Locks of Charles Manson’s hair, screenplays by the perpetrator of the Virginia Tech Massacre, jail correspondence from Richard Ramirez the Los Angeles serial killer known as the Night Stalker — his letterhead is a line of skulls and crossbones.

“And from a victim’s perspective there’s nothing more nauseating and disgusting when you find out the person who murdered one of your loved ones now has items being hawked by third parties for pure profit,” said Kahan. “It’s like being gutted all over again by our criminal justice system.”

So, later this year, with the help of Texas lawmakers, Kahan hopes to introduce federal legislation to make profiting from the sudden infamy of a murderer illegal. It’s called the Federal Anti-Murderabilia Crime Victim Dignity Act.

“You know from my perspective, no one should be able to rob, rape, and murder and then turn around and make a buck off of it. I am a firm believer in free enterprise and capitalism, but I think you have to draw the line somewhere, and from a victim’s perspective, this is where the buck has to stop,” Kahan said.


Don’t you just love it when someone says: “I am a firm believer in free enterprise and capitalism”? It often means that they’re about to tell you they’re not.

The issue isn’t murderers profiting from their crimes, a matter few would take issue with, but with anyone being restricted from selling something that people want to pay for that would otherwise be perfectly legal. When you decide to step in and prevent that transaction from taking place legally, you’re saying liberty be damned.

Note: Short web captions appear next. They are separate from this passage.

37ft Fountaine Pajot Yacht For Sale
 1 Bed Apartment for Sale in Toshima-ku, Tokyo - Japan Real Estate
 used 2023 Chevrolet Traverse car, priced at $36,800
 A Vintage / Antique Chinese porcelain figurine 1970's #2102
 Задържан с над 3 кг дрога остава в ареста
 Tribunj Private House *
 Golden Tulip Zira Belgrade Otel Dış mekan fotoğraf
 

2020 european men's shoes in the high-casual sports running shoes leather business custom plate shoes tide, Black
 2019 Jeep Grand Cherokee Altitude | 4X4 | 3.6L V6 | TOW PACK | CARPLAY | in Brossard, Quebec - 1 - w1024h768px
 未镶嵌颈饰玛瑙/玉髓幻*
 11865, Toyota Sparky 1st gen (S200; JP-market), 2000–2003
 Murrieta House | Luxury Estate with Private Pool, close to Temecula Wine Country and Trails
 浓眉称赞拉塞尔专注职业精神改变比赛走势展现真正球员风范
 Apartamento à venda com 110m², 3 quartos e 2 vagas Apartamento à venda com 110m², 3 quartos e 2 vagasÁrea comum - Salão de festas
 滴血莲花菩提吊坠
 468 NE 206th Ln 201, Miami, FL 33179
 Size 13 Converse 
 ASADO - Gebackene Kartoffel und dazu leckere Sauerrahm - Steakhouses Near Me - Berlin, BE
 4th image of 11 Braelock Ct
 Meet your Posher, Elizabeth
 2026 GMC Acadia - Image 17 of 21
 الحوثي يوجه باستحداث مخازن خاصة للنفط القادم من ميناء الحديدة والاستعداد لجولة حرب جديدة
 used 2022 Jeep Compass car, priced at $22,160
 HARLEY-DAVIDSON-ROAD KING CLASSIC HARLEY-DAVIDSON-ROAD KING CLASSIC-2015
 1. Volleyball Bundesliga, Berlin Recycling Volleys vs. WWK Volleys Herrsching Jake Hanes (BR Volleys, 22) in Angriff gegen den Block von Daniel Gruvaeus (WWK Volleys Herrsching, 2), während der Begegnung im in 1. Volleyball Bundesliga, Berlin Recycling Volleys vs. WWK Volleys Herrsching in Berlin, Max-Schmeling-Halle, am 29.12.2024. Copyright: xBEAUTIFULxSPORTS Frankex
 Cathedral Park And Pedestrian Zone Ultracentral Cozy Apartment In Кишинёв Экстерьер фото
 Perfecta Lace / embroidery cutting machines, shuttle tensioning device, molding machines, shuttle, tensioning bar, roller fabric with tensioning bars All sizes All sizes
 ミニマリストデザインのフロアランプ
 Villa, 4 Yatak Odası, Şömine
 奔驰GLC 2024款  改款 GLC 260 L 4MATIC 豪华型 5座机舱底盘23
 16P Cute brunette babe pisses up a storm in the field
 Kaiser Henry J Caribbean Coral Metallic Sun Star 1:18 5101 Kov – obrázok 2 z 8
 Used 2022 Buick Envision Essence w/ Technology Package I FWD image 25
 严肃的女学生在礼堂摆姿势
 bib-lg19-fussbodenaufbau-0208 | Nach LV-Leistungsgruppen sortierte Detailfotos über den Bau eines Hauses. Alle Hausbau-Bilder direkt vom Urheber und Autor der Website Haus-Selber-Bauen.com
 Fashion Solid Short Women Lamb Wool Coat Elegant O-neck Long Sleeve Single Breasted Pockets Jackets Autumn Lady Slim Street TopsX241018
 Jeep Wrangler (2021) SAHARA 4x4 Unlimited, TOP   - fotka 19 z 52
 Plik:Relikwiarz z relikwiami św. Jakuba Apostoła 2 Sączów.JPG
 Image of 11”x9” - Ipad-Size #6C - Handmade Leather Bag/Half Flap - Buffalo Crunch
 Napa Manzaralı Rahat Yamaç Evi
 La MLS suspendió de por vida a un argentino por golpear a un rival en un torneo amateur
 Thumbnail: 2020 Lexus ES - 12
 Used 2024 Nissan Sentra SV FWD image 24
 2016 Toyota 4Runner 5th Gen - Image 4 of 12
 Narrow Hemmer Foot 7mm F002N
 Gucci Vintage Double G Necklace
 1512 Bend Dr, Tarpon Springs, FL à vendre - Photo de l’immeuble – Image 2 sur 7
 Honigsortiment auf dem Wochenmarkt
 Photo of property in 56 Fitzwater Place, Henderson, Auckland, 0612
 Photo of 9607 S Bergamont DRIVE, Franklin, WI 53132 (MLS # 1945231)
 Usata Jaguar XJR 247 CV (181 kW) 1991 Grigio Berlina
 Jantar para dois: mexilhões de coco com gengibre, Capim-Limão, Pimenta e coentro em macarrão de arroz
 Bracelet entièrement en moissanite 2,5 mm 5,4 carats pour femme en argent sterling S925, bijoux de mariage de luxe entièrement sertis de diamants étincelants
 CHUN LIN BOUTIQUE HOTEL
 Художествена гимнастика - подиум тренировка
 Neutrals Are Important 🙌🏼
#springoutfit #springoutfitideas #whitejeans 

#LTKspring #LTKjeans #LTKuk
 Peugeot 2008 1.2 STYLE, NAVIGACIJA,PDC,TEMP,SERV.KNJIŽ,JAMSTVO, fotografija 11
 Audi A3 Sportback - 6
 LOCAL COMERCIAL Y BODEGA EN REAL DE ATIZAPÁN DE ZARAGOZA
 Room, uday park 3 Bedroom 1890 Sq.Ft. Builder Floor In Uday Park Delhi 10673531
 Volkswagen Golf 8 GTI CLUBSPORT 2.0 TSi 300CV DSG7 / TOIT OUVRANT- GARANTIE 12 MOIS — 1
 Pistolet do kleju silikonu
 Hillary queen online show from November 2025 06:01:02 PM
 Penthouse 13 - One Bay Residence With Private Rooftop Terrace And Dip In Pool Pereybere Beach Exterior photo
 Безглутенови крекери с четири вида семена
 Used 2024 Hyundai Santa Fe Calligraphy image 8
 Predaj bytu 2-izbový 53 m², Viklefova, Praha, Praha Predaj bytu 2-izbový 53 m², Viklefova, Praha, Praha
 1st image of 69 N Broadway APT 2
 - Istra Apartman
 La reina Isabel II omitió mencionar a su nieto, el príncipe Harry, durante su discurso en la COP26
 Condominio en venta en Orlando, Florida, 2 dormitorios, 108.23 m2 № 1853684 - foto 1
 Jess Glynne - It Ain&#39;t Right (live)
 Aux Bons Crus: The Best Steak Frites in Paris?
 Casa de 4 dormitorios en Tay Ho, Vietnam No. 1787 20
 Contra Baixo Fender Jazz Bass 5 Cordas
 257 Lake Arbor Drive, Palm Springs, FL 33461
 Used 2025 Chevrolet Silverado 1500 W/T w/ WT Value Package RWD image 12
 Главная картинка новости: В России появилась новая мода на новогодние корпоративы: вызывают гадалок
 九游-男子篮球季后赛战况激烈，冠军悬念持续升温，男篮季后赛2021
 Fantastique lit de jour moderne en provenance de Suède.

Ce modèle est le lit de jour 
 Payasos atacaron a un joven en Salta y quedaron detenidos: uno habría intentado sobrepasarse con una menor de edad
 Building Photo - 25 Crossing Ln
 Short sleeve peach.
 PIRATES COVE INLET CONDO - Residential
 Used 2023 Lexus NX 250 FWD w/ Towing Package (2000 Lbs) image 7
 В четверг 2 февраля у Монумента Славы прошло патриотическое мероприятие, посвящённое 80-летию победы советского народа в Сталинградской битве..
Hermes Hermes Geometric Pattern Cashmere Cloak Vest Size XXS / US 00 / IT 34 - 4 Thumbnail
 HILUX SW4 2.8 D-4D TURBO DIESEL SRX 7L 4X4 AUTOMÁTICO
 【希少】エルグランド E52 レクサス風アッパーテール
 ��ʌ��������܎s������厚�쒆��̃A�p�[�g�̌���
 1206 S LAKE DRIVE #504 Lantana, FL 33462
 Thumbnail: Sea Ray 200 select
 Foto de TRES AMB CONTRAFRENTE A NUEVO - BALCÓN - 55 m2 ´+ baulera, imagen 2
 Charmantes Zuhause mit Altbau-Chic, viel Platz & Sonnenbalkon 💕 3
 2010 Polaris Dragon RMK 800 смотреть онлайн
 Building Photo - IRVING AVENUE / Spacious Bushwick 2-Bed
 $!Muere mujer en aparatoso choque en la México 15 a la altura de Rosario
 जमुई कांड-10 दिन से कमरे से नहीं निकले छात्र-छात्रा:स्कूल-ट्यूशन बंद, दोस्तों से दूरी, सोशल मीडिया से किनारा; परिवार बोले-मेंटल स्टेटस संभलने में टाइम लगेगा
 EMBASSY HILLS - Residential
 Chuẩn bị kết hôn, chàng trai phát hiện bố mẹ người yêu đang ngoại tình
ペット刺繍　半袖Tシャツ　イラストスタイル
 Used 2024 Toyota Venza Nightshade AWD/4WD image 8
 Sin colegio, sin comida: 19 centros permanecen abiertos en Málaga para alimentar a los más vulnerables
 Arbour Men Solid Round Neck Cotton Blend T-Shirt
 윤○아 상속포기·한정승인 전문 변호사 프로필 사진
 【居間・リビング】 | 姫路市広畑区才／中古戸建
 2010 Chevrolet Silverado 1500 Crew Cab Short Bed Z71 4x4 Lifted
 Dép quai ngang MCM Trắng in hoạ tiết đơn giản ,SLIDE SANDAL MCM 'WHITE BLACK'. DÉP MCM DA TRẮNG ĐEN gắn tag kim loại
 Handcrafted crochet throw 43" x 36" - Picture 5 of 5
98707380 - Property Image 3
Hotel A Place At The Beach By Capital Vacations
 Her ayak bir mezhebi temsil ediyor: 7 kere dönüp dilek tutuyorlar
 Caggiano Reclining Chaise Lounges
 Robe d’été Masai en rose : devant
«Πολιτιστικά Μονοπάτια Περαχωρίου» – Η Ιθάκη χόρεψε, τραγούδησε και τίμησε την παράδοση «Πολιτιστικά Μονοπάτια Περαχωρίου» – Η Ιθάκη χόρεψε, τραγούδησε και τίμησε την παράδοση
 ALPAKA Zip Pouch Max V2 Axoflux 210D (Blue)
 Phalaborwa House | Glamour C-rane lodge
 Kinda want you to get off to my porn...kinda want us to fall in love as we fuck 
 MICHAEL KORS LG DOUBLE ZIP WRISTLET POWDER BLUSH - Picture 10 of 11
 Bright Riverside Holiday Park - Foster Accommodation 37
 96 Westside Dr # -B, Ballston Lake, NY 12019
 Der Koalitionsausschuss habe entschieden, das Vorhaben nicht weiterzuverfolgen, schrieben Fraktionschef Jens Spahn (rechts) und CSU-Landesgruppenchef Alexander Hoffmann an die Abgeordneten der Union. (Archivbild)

Additionally, it’s unlikely a law would actually end the practice; rather, it would just drive it underground and a black market would pop up. People are going to want what they want. After all, how well did Prohibition work? What about laws banning drugs and prostitution?

Yeah. Thought so.

Like I said before, I think “murderabilia” is disgusting. What on Earth would make someone want to pay good money for something just because it belonged to someone who took a human life? I honestly can’t see any reason why any sane person would want to do something like that.

Unfortunately, that’s the thing about freedom. It means that people are able to do stuff that you find disgusting. No one needs to protect the popular acts. Those aren’t in danger any time soon, and for a reason. It’s the disturbing and uncomfortable that needs protection from do-gooders who haven’t thought about how their desire to make the world a better place for themselves actually takes away liberty for everyone.


If I allow Kahan’s proposal to become law without a fight because I find the practice it seeks to limit “disgusting,” then how long before someone bans an activity I engage in that they find disgusting?

Like hunting?

Perhaps Kahan, if he really does believe in free enterprise, would do better to campaign against these kinds of things by making it unpalatable to purchase them, rather than preventing it by law. Then, it would really kill the trade in such things, and he’d have my full support.

As it stands now, however, I don’t think any supporter of liberty should side with him.